2 – Do Specific Back Targeted Physical Therapy:
If you’re already in pain, physical therapy involves personalized exercises that strengthen the back, improve posture, and enhance flexibility are going to help.
You don’t need to pay for a physical therapist. Still, they offer the additional benefit of incorporating manual therapy, ultrasound, and electrical stimulation to reduce pain and facilitate movement, which might be worth investigating.
3 – Make Ergonomic Adjustments:
Another thing you can do, as it relates to work, is make use of ergonomic adjustments.
Ergonomics means that your work environment or tools conform to your body’s natural position.

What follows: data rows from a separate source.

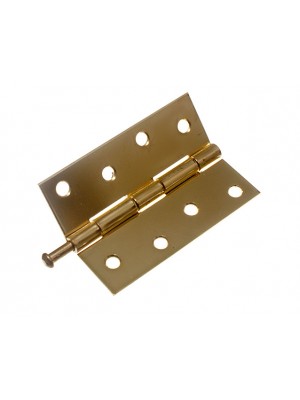 Pair Of Door Loose Pin Butt Hinges EB Brass Plated 100mm ( 4 Inch )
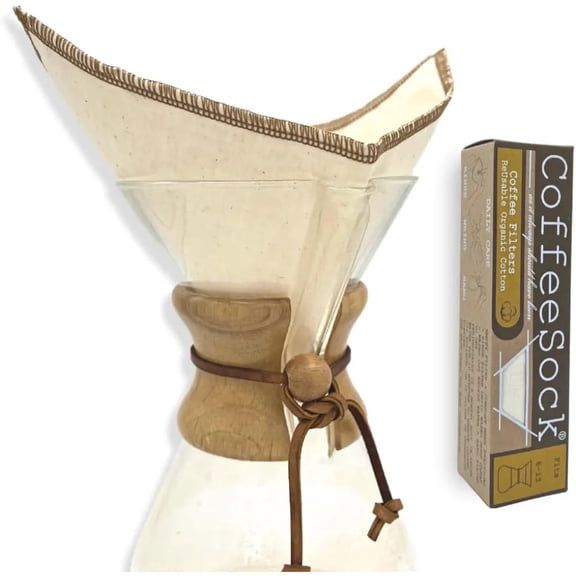 CoffeeSock The Original Reusable 100% Organic Cotton Coffee Filters - 2 pk - Fits Chemex 6-13 Cup Coffee Makers | Coffee Sock Cloth Coffee Filter | Zero-Waste & Eco-Friendly (X6)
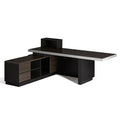 87" Black Wood Pedestal Executive Desk With Two Drawers Built in Lighting on a white background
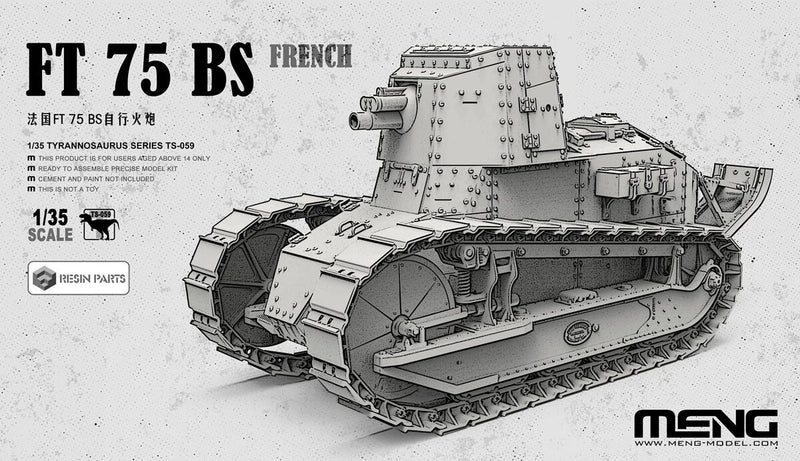 Meng TS059 1/35 French FT 75 BS (including resin parts)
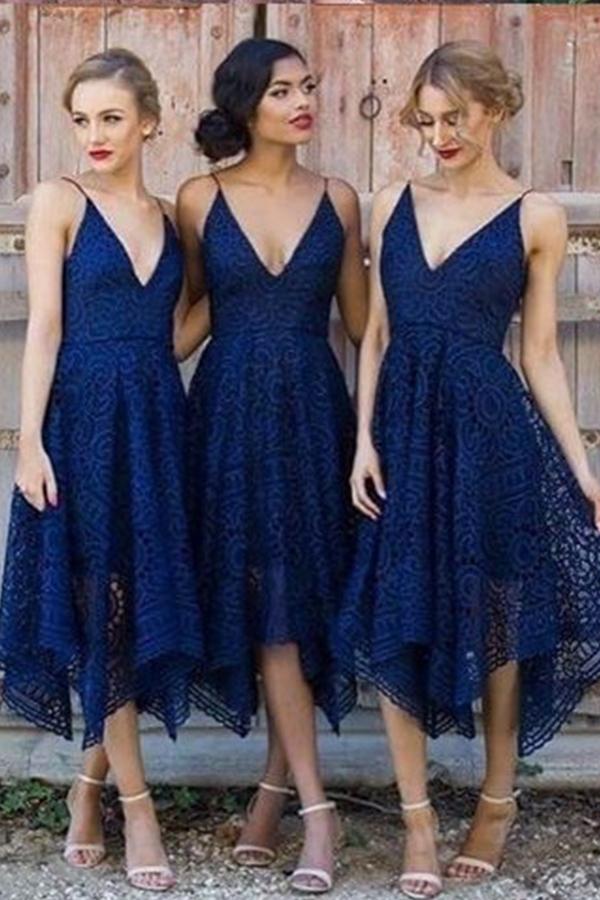 Navy Blue/Pink Deep V-neck Spaghetti Straps Sleeveless Asymmetry Lace A-line Bridesmaid Dress DM236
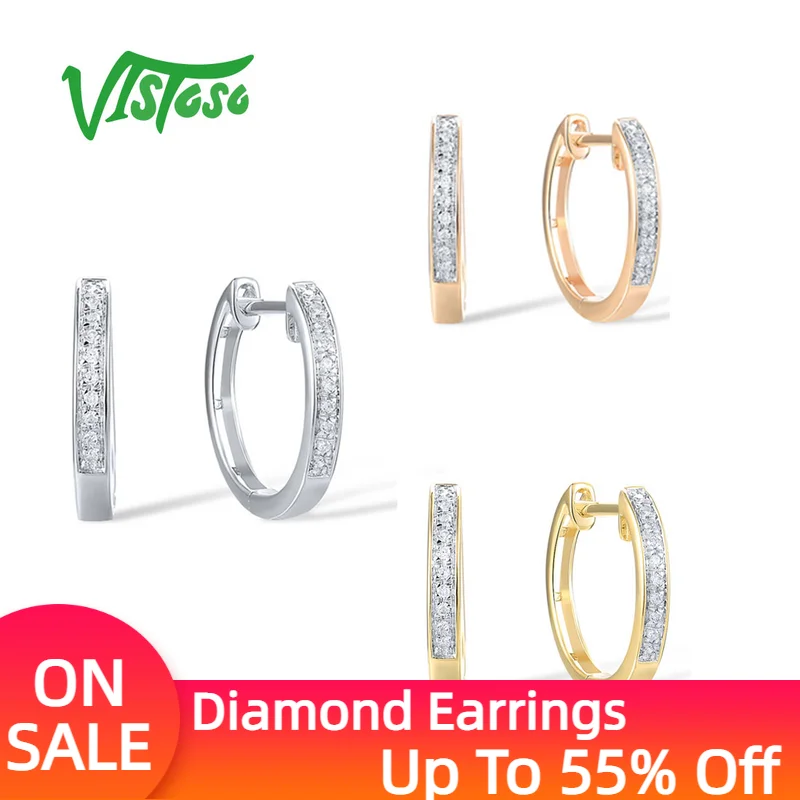 Женские серьги из розового золота с бриллиантами VISTOSO, классические ювелирные украшения из драгоценных камней, цвет белый/желтый/розовый, 14 к, 585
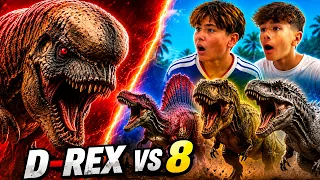 ¡8 DINOSAURIOS VS DISTORTUS REX! 😱🦖 Battle Royale Imposible en Jurassic World Evolution 3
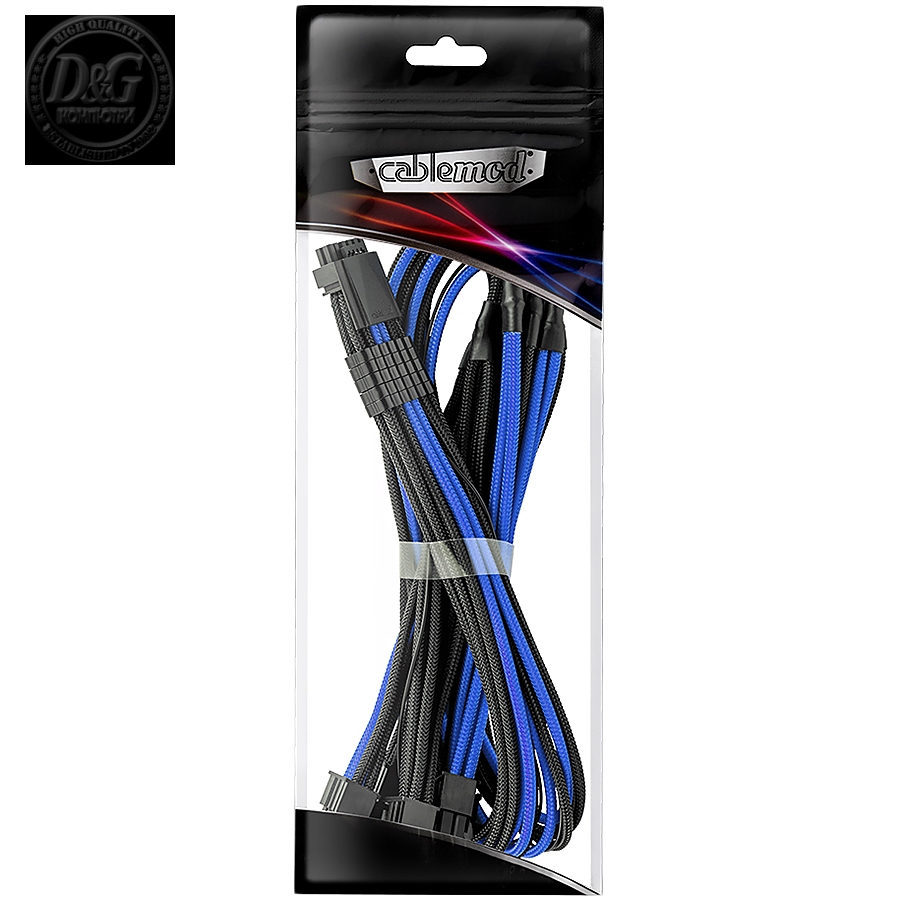 CableMod E-Series Pro ModMesh Sleeved 12VHPWR PCI-e Cable for Super Flower Leadex Platinum / Platinum SE / Titanium / V Gold Pro / V Platinum Pro, EVGA G7 / G6 / G5 / G3 / G2 / P2 / T2 (Black + Blue, Nvidia 4000 series, 16-pin to Quad 8-pin, 60cm)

Think of things like chairs that support the natural curve of the spine, adjusting the height of computer screens to eye level (and standing more often), and going so far as to put frequently used items within easy reach to avoid unnecessary stretching or bending.
4 – Try Alternative Therapies:
In addition to becoming stronger, you can try out alternative techniques like chiropractic, acupuncture, and massage.
Surprisingly, other “Eastern practices” like yoga, meditation, and even mindfulness are known to help with back pain. They can help relieve stress, which allows for the loosening of muscles and healing.
What is most important is understanding that pharmacological treatments are not the first thing a person should try to prevent or reverse back pain.
The strategies above will help your back feel better and improve your quality of life.
I’ve always believed that by focusing on prevention as well as addressing the root cause of personalized care and non-pharmacological treatments, there is a potential not only to alleviate the burden of back pain on individuals and healthcare systems but also to contribute to resolving the opioid crisis by reducing the dependence on prescription painkillers.
The integration of these holistic and multidisciplinary approaches into mainstream healthcare signifies a progressive step towards more sustainable, effective, and compassionate back pain management, reflecting a broader commitment to patient-centered care and well-being.